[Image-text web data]

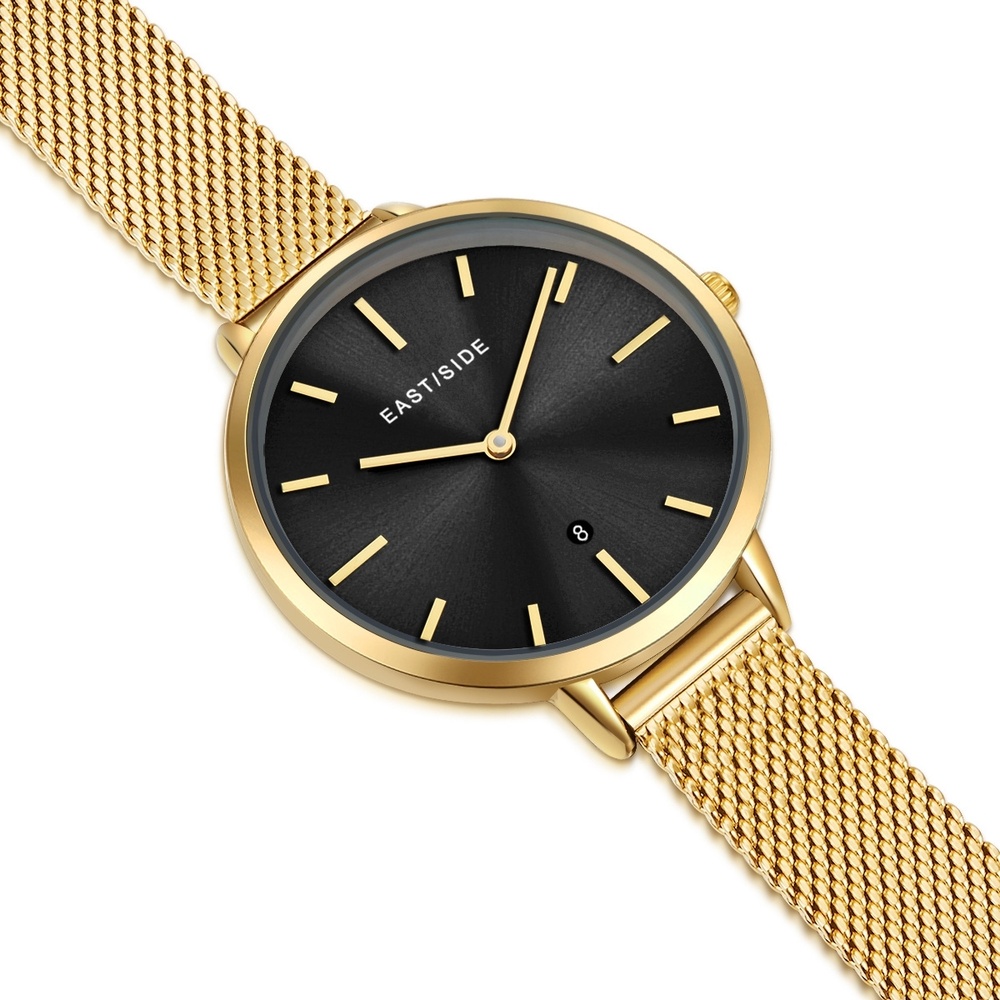 EASTSIDE Montre à quartz Classic en Or jaune Acier inoxydable en Or jaune Montre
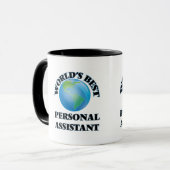 Beste persoonlijke assistent ter wereld mok (Voorkant links)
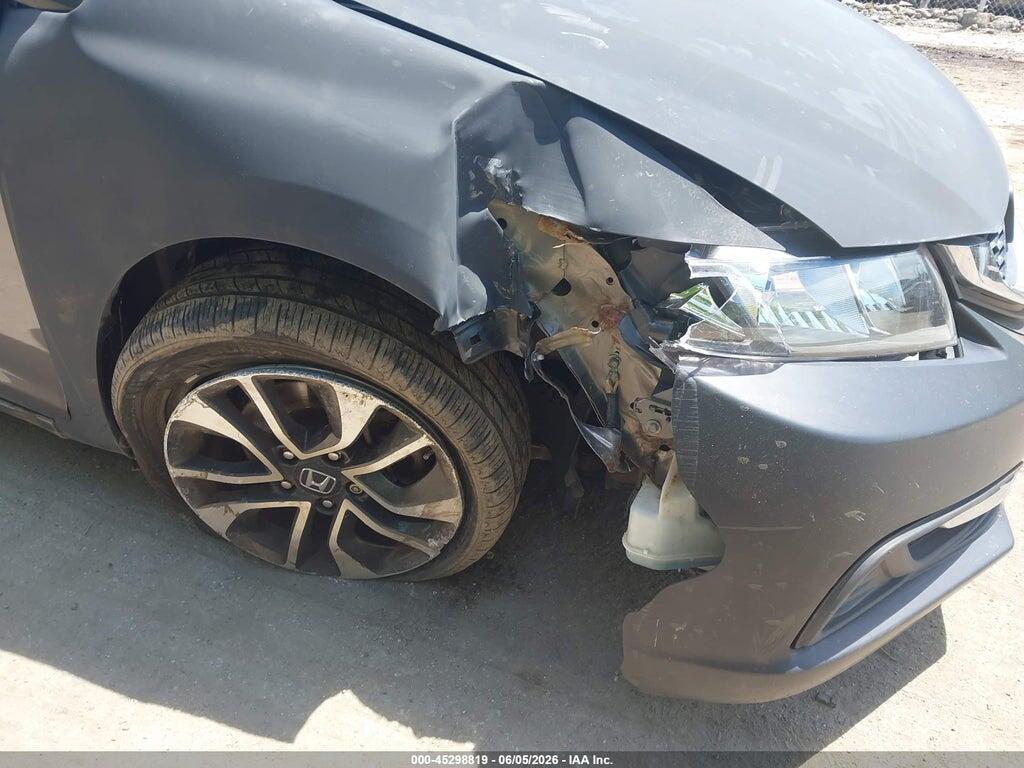 19XFB2F82DE207127 2013 HONDA CIVIC photo no. 6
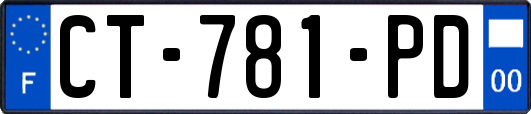 CT-781-PD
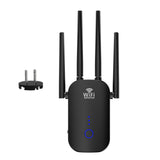 Maxbell Networking Extender 1200Mbps 5G Indicator Antenna Anti-interference Router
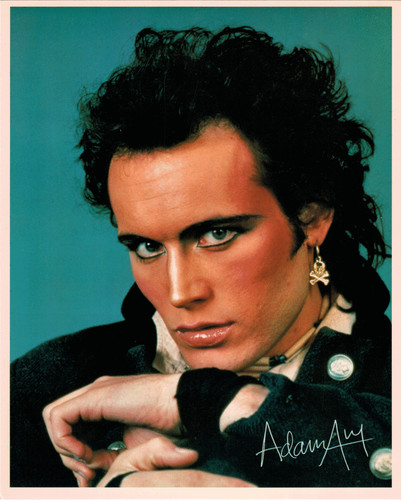 Adam ant new - adam, authentic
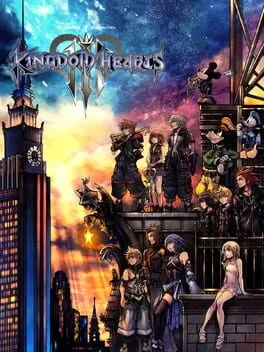  キングダム ハーツ III  cover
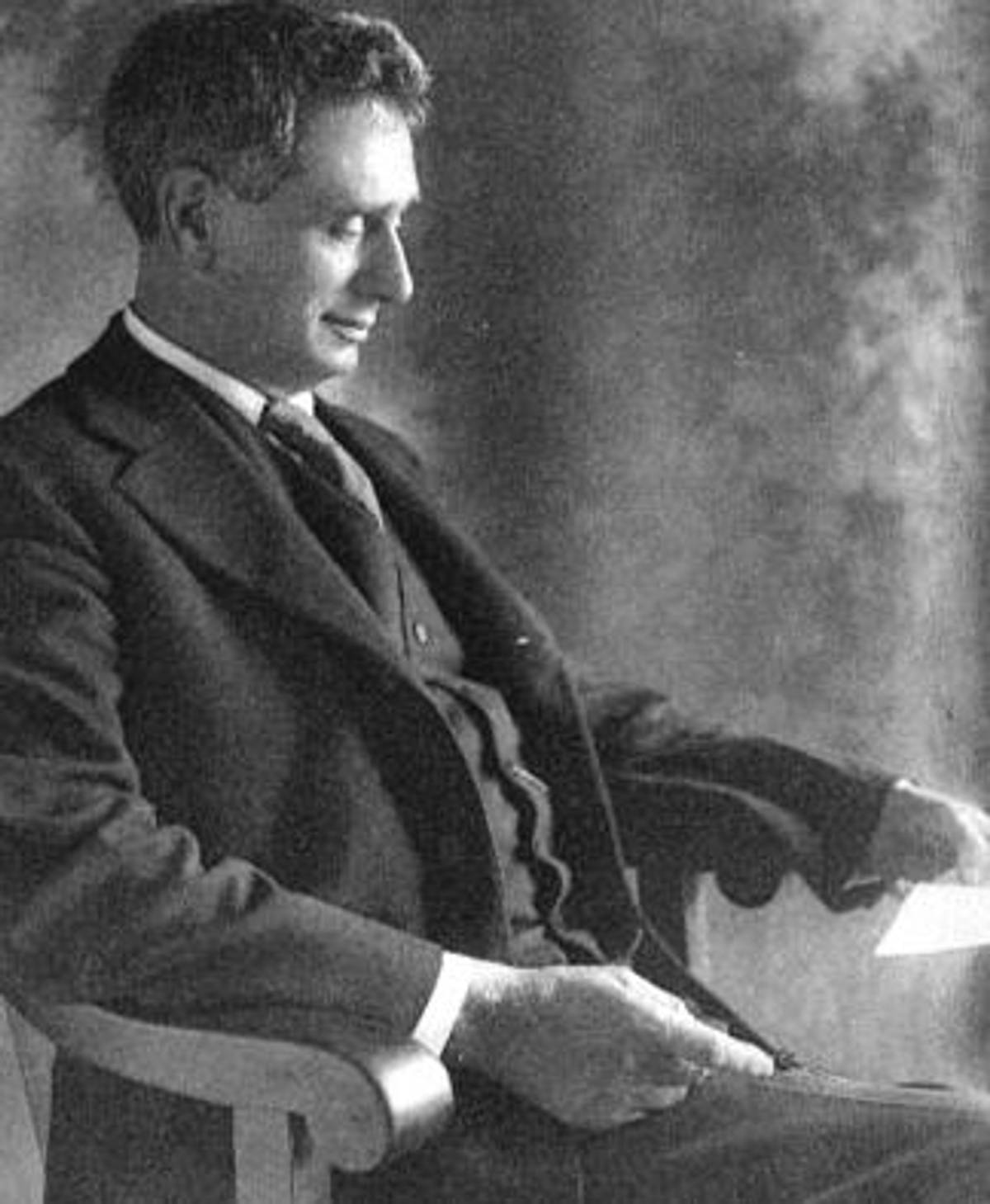 Louis Brandeis, 1915. (Wikimedia)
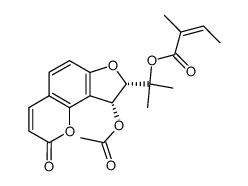 Isoedultin结构式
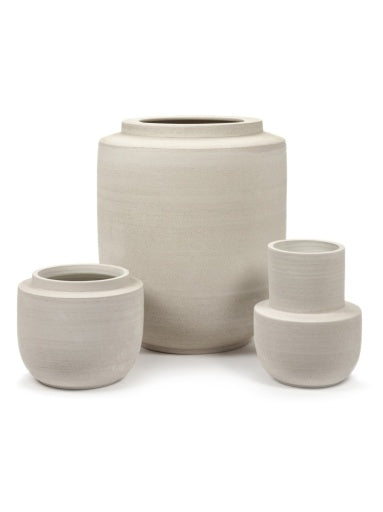Serax - Piet Boon - VAAS S BEIGE VOLUMES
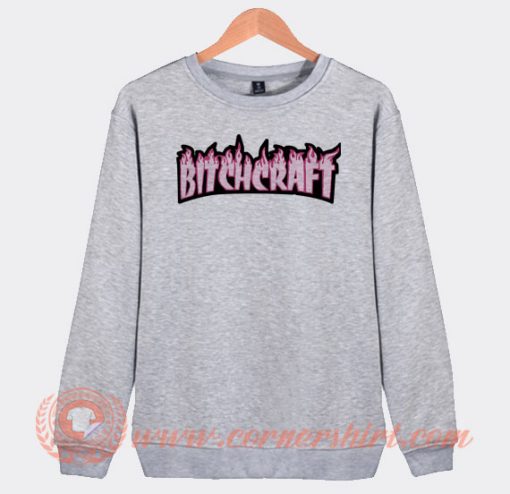BitchCraft-Flame-Sweatshirt-On-Sale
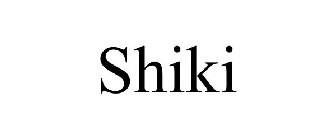 SHIKI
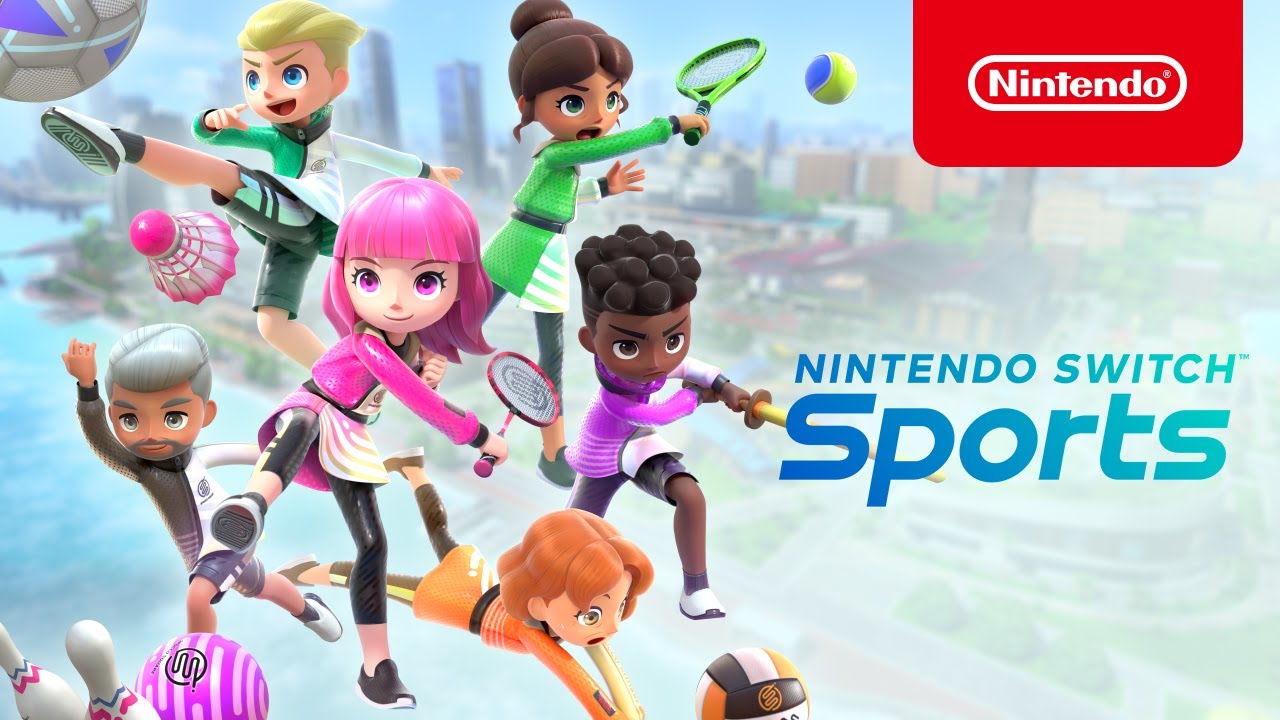Thẻ Game Nintendo Switch - Nintendo Switch Sports 1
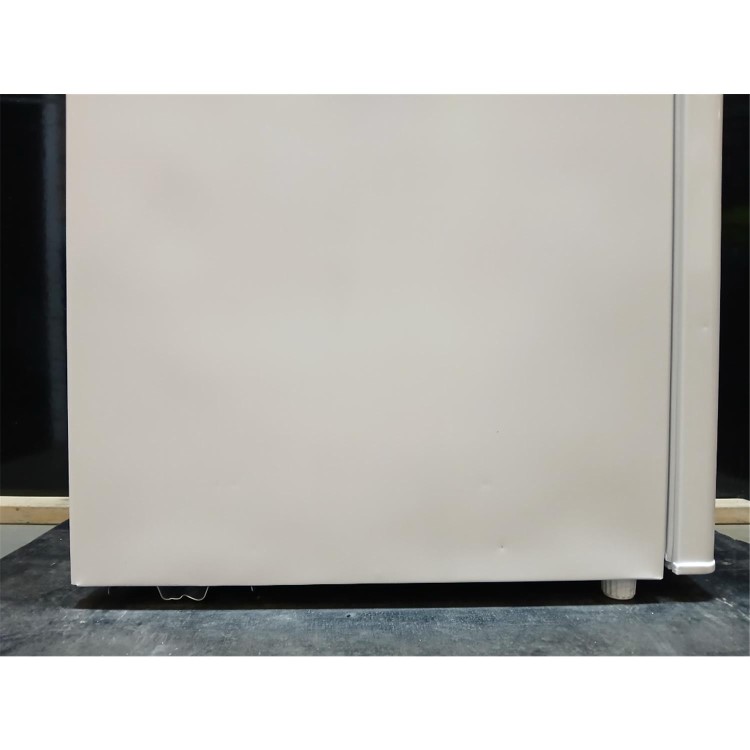GRADE A2 - electriQ 109 Litre Freestanding Under Counter Fridge with Ice Box - White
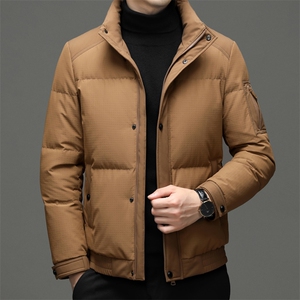 SQY28803秋冬新款2023年男士休闲羽绒服加厚保暖夹克外套P255图片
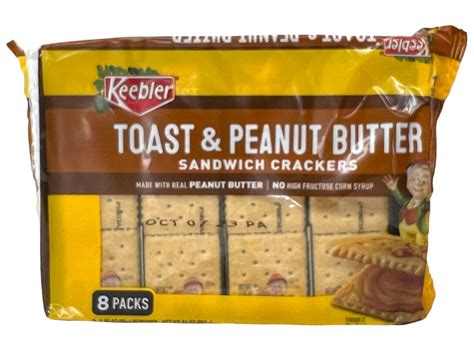 Keebler Peanut Butter Crackers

* Action item: Word-for-word restatement: every line from the one with "Louis Brandeis, 1915. (Wikimedia)" through the final line of the data, both ends included, pictures excluded.

* Response area:
 Louis Brandeis, 1915. (Wikimedia)
 Isoedultin结构式
Serax - Piet Boon - VAAS S BEIGE VOLUMES
BitchCraft-Flame-Sweatshirt-On-Sale
 SHIKI
Thẻ Game Nintendo Switch - Nintendo Switch Sports 1
GRADE A2 - electriQ 109 Litre Freestanding Under Counter Fridge with Ice Box - White
 SQY28803秋冬新款2023年男士休闲羽绒服加厚保暖夹克外套P255图片
 Keebler Peanut Butter Crackers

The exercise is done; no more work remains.